A mão que balança o berço hightec

O berço da inovação na Universidade de Fortaleza tem nome: EDETEC (Espaço de Desenvolvimento de Empresas de Tecnologia), incubadora que é braço da DPDI e assume como papel central o apoio e o fomento para a criação de novas empresas. Faz isso abraçando startups, negócios ainda em fase inicial de desenvolvimento ou já maduros que precisam ser aprimorados para se lançarem no mercado. É o que informa o coordenador da célula, professor Ricardo Colares, que diariamente se vê desafiado a criar conexões entre o mundo corporativo e o conhecimento gerado na universidade por meio de pesquisa e investimento em inovação. 

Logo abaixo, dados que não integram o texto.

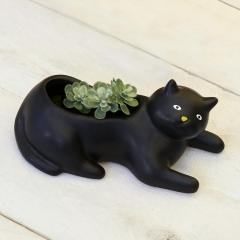Ghiveci - Cosmo - The Black Cat Planter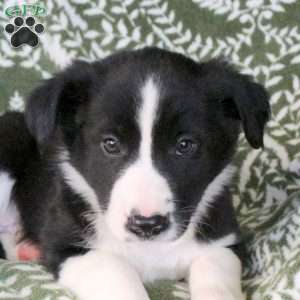 Max, Border Collie Puppy
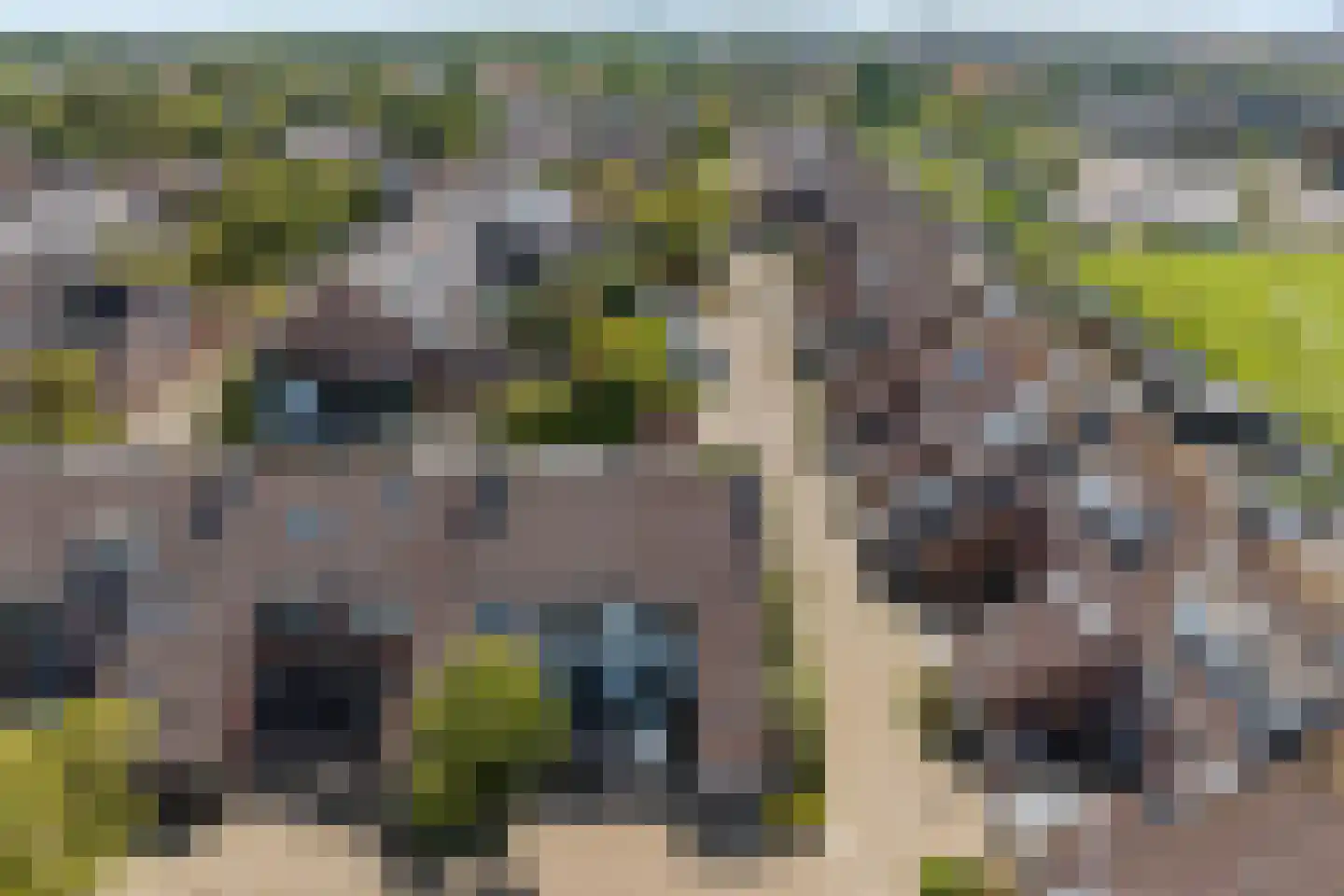 Zonnekant 2 Noordwijk thumbnail 33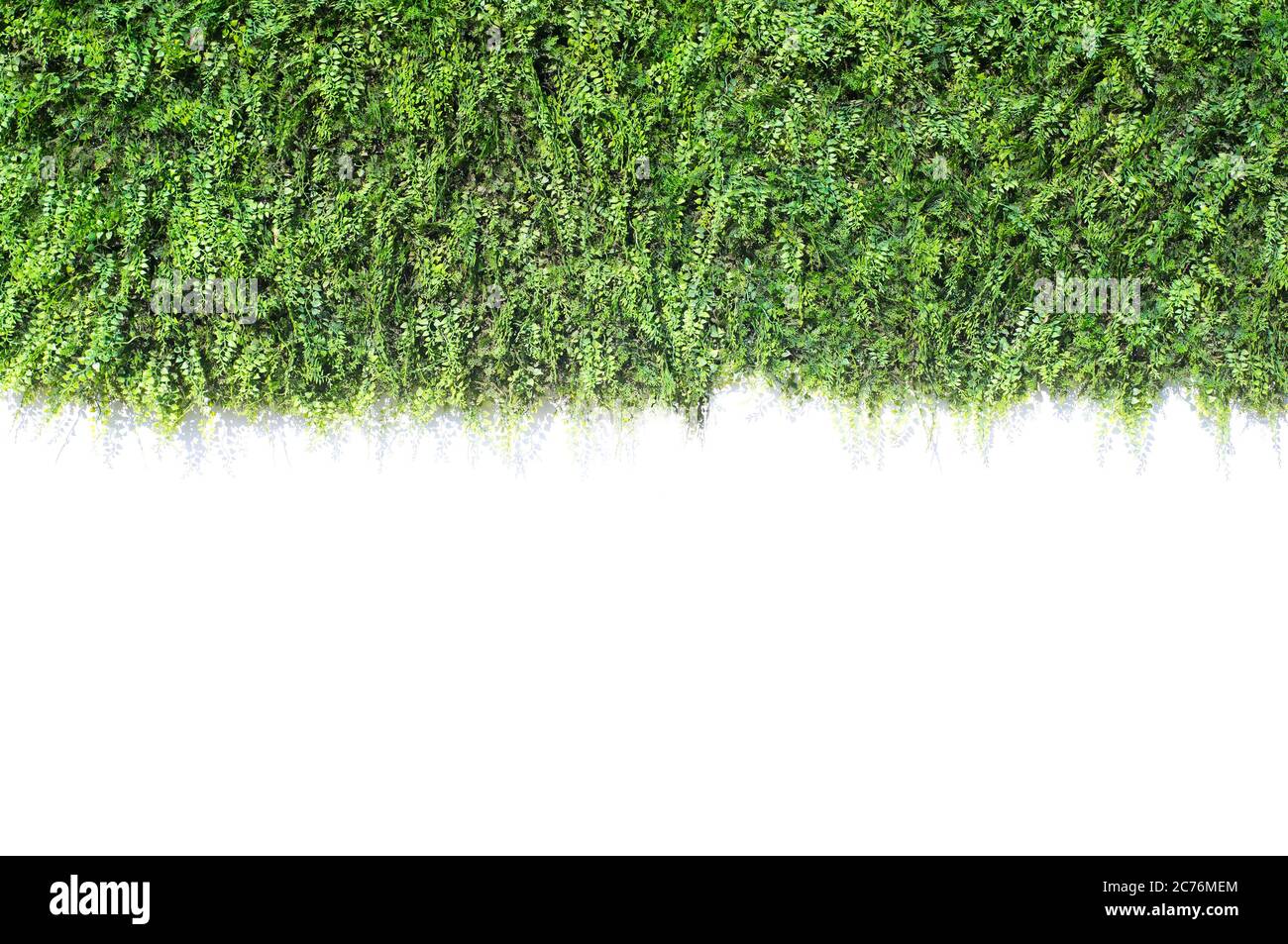 green ivy isolated on white wall Stock Photo
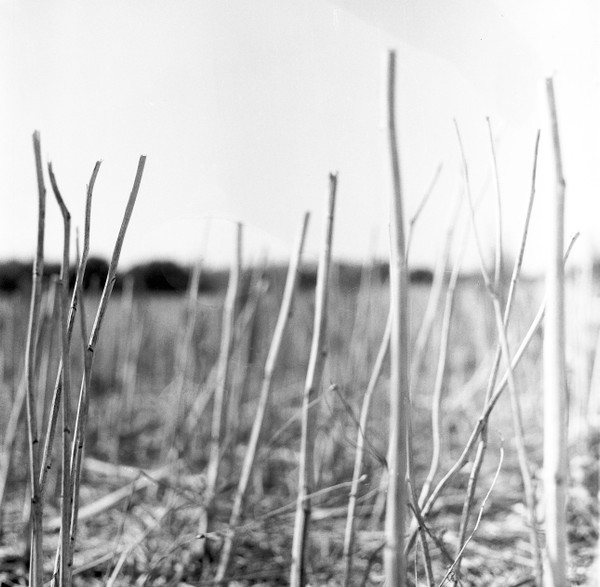 Recondite - On Acid  (2022 Repress) : 2LP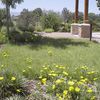 Tip Sheet for Buffalo Grass Lawn Establishment
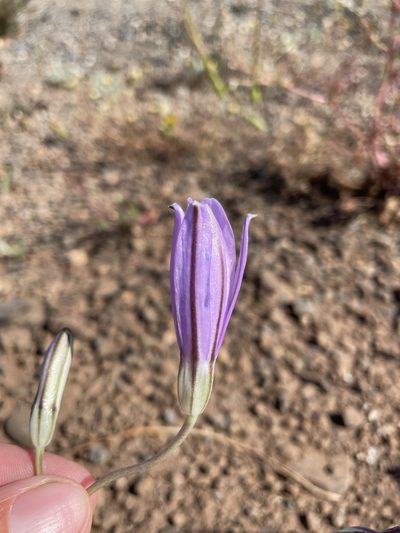 Brodiaea californica, photographed by Matt Berger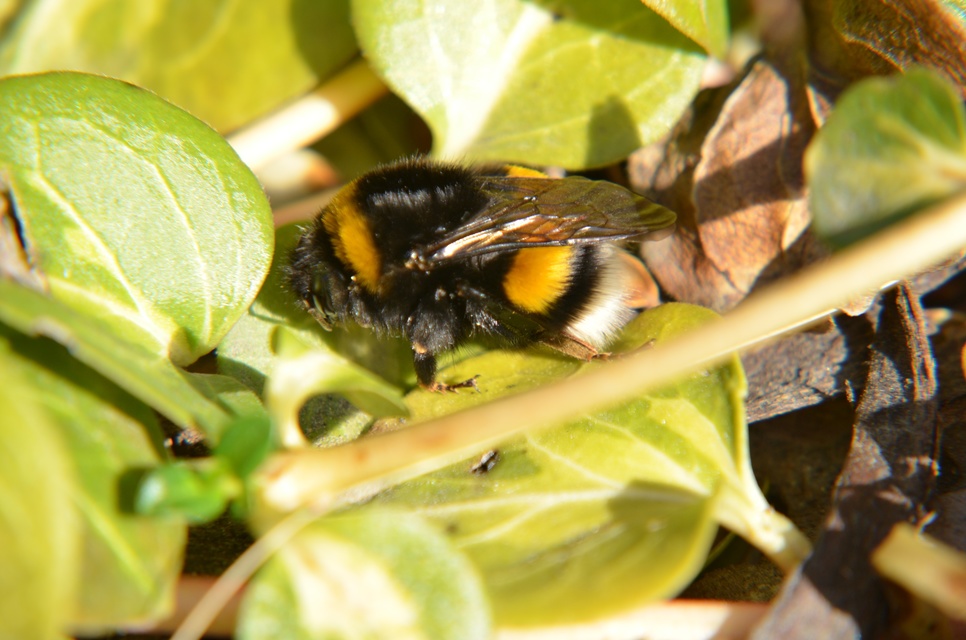 Bombus terrestris/lucorum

E são múltiplas as janelas que se abrem na incubadora de empresas da Unifor para quem pretende empreender e inovar logo de partida. A empresa G4 Flex, hoje sólida no mercado, foi umas das que nasceu no ambiente acadêmico a partir do ímpeto de um ex-aluno de graduação e mestrado na área de computação, hoje professor da instituição: Geneflides Laureno desenvolveu ali uma plataforma de comunicação digital denominada Flex UC, que funciona como PABX telefônico, mas usa a internet ao invés da linha telefônica, com a adição de vários recursos que não seriam possíveis no modelo convencional.  “Isso mostra que o empreendedorismo pode ter um vínculo direto com a própria vida acadêmica do pesquisador. O projeto ficou incubado na universidade durante um período, teve sucesso no mundo corporativo e hoje a Unifor é cliente dessa plataforma, assim como outras empresas de grande porte”, ressalta. 

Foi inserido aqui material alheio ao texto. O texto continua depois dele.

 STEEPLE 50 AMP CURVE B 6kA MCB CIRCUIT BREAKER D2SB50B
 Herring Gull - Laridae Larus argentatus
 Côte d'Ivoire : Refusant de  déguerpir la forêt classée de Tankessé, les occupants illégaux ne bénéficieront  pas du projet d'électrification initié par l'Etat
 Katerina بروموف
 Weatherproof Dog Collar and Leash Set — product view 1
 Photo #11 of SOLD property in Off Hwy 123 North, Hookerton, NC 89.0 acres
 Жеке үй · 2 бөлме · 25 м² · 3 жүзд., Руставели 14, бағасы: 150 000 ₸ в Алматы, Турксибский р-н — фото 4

Outro case de destaque que passou pela incubadora da Unifor, segundo Colares, veio sob encomenda da empresa Total Cross, cliente antiga que precisou criar uma plataforma para desenvolvimento de softwares que rodasse em dispositivos móveis ou web, a partir de uma única linguagem capaz de gerar códigos compatíveis a vários tipos de equipamento. Com o aperfeiçoamento do produto, a velocidade pretendida também foi alcançada e o bom resultado da empreitada acabou gerando uma relação cruzada entre empresas. A Unifor triangulou e a Total Cross, em parceria com a Mob Telecom, outra empresa já instalada no Parque Tecnológico, desenvolveram em conjunto o aplicativo Minha Mob, plataforma de contato com o usuário que facilitou-lhe o acesso a vários serviços e informações. “Esse caso é emblemático porque, aproximando Total Cross e Mob Telecom, criamos aí um ecossistema, onde não só fomentamos o surgimento de novas empresas, como aprimoramos os produtos das empresas parceiras e construímos uma interrelação entre elas. É papel da universidade conectar os clientes e prover conhecimento tecnológico e científico no estado da arte com vistas à inovação”, reitera.

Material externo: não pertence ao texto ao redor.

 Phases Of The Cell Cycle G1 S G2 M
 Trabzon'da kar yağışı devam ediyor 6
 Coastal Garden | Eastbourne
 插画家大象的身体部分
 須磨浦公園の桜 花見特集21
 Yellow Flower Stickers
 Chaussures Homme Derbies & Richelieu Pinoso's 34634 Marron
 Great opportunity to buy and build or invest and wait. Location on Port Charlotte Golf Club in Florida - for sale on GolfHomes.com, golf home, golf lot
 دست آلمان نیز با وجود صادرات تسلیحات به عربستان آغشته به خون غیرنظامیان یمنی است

Desbaratar armadilhas também é desafio aceito na incubadora hightec da Unifor. O exemplo dado por Colares diz respeito à Eletra Energy Solutions, indústria do mercado nacional sediada no Ceará: a líder do mercado nacional produtora de medidores de energia elétrica já havia desenvolvido três projetos de inovação dentro do Parque Tecnológico da universidade quando apresentou a necessidade evitar fraudes detectadas em seus produtos. “As pessoas conseguiam violar o medidor, tendo acesso às partes internas e adulterando as medidas como forma de evitar cobranças ou diminuir o valor cobrado pela energia. Propomos o resinamento do equipamento, protegendo as partes funcionais do circuito eletrônico. E não foi fácil como parece: tivemos que estudar a fundo a composição das resinas e vencer uma série de desafios para garantir que o material de fato impediria novas adulterações e o acesso dos fraudadores. Hoje a empresa produz medidores resinados sem mais problemas”, garante o pesquisador.